SUMMARY ANSWER Although OC use was associated with a transient delay in the return of fertility, we found no evidence that long-term OC use deleteriously affects fecundability.
WHAT IS KNOWN ALREADY Studies using retrospective data on TTP have reported a short-term delay in the return of fertility after OC use. However, little is known about the long-term OC use and TTP.
STUDY DESIGN, SIZE, DURATION Data were derived from ‘Snart Gravid.dk’, a prospective cohort study that enrolled participants from 1 June 2007 to 31 May 2010. The final study population consisted of 3727 women.
PARTICIPANTS, SETTING, METHODS Eligible women were Danish pregnancy planners, aged 18–40 years, who completed a baseline questionnaire and bimonthly follow-up questionnaires until conception or for 12 months, whichever came first. Cohort retention was 80%. We used proportional probability regression models to estimate fecundability ratios (FRs) and 95% confidence intervals (CIs), with adjustment for potential confounders.

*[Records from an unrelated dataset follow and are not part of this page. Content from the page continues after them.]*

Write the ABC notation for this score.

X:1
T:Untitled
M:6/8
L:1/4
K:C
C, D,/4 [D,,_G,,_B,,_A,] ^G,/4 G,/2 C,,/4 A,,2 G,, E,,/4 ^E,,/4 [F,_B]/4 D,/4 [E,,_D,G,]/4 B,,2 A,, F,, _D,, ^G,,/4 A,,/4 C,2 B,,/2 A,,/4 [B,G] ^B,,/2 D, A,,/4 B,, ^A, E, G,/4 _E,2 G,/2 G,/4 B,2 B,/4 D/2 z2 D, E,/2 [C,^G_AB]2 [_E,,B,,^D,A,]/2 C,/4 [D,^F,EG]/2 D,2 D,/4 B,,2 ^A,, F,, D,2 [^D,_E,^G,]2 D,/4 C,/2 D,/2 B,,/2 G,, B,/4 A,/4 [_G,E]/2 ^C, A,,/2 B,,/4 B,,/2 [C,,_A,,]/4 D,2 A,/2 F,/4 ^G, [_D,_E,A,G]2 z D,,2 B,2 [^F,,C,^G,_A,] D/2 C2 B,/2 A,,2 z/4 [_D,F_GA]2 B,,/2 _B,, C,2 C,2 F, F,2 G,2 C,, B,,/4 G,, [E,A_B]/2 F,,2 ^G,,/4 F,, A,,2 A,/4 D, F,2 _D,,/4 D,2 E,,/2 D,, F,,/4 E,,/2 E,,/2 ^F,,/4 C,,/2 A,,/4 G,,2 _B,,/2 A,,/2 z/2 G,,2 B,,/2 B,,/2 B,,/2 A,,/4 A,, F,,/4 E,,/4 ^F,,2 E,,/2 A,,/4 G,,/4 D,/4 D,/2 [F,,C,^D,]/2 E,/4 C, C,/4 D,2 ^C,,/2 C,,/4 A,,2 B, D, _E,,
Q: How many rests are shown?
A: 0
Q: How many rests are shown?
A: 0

MAIN RESULTS AND ROLE OF CHANCE Compared with barrier methods, the use of OCs as the last contraception method before attempting to conceive was associated with a short-term delay in return of fertility (FR = 0.87, 95% CI: 0.79–0.96). Longer term OC use was associated with higher fecundability: compared with OC use for less than 2 years; FRs were 0.98 (95% CI: 0.83–1.15) for 2–3 years, 1.16 (95% CI: 0.98–1.37) for 4–5 years, 1.10 (95% CI: 0.93–1.29) for 6–7 years, 1.17 (95% CI: 0.99–1.38) for 8–9 years, 1.23 (95% CI: 1.04–1.46) for 10–11 years and 1.28 (95% CI: 1.07–1.53) for ?12 years of OC use.

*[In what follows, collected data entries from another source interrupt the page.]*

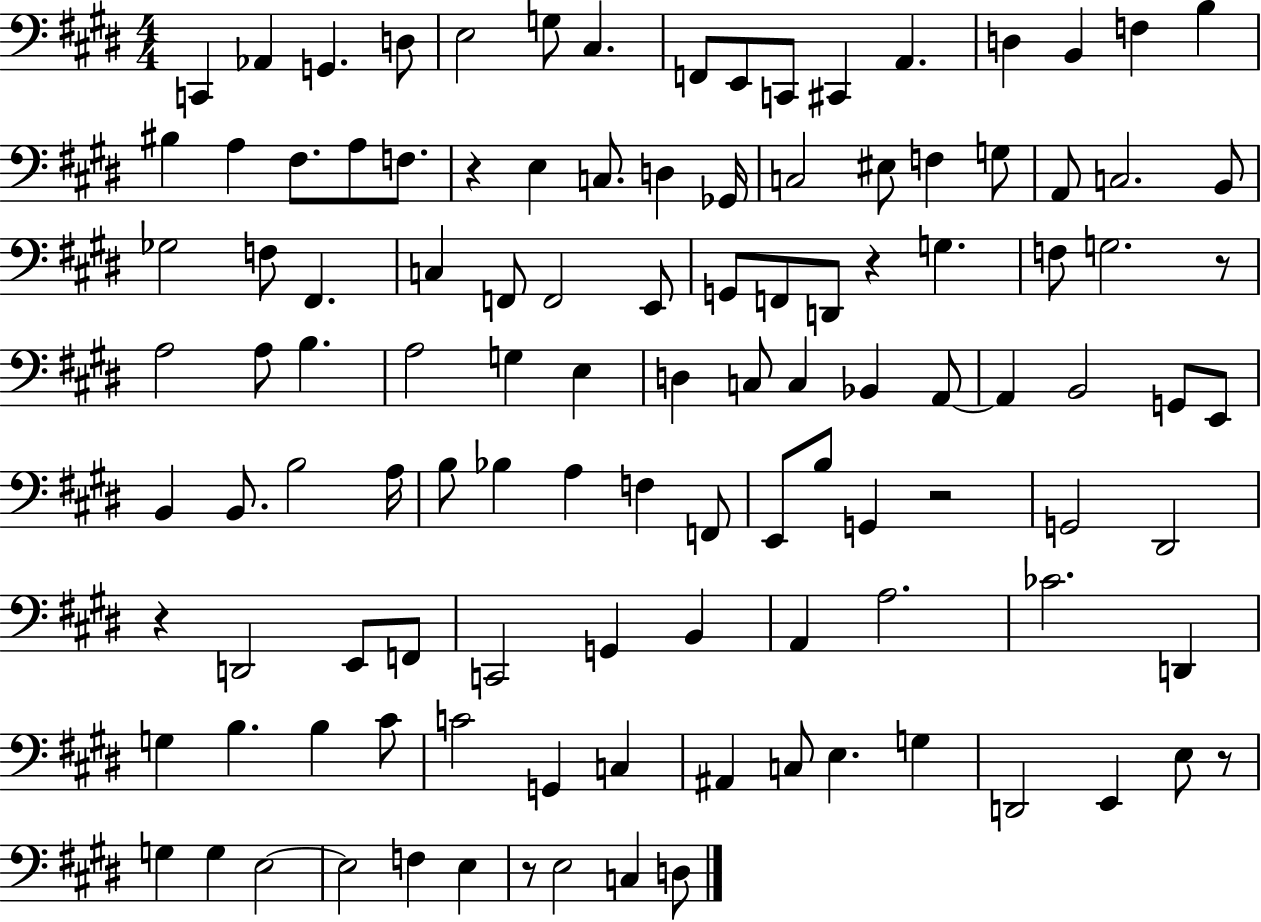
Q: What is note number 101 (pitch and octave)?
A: E3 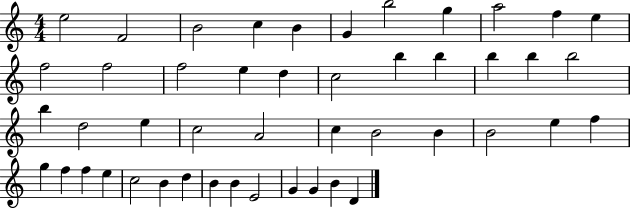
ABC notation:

X:1
T:Untitled
M:4/4
L:1/4
K:C
e2 F2 B2 c B G b2 g a2 f e f2 f2 f2 e d c2 b b b b b2 b d2 e c2 A2 c B2 B B2 e f g f f e c2 B d B B E2 G G B D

LIMITATIONS, REASONS FOR CAUTION Because this was a non-experimental study, where study volunteers provided information about their history of contraceptive use at baseline and were followed prospectively to assess their waiting times to pregnancy, there was some potential for error in the reporting of OC use and TTP. Nevertheless, participants reported data on OC use before the occurrence of pregnancy, thereby reducing the potential for systematic bias.
WIDER IMPLICATIONS OF THE FINDINGS Women who have used OCs for many years should be reassured as there was no evidence that long-term OC use has a deleterious affects on fecundability. Both short- and long-term OC users are likely to experience a transient delay in conception compared with those discontinuing barrier methods.
STUDY FUNDING This study was supported by the National Institute of Child Health and Human Development (R21050264) and the Danish Medical Research Council (271-07-0338). The authors declare that there are no conflicts of interest.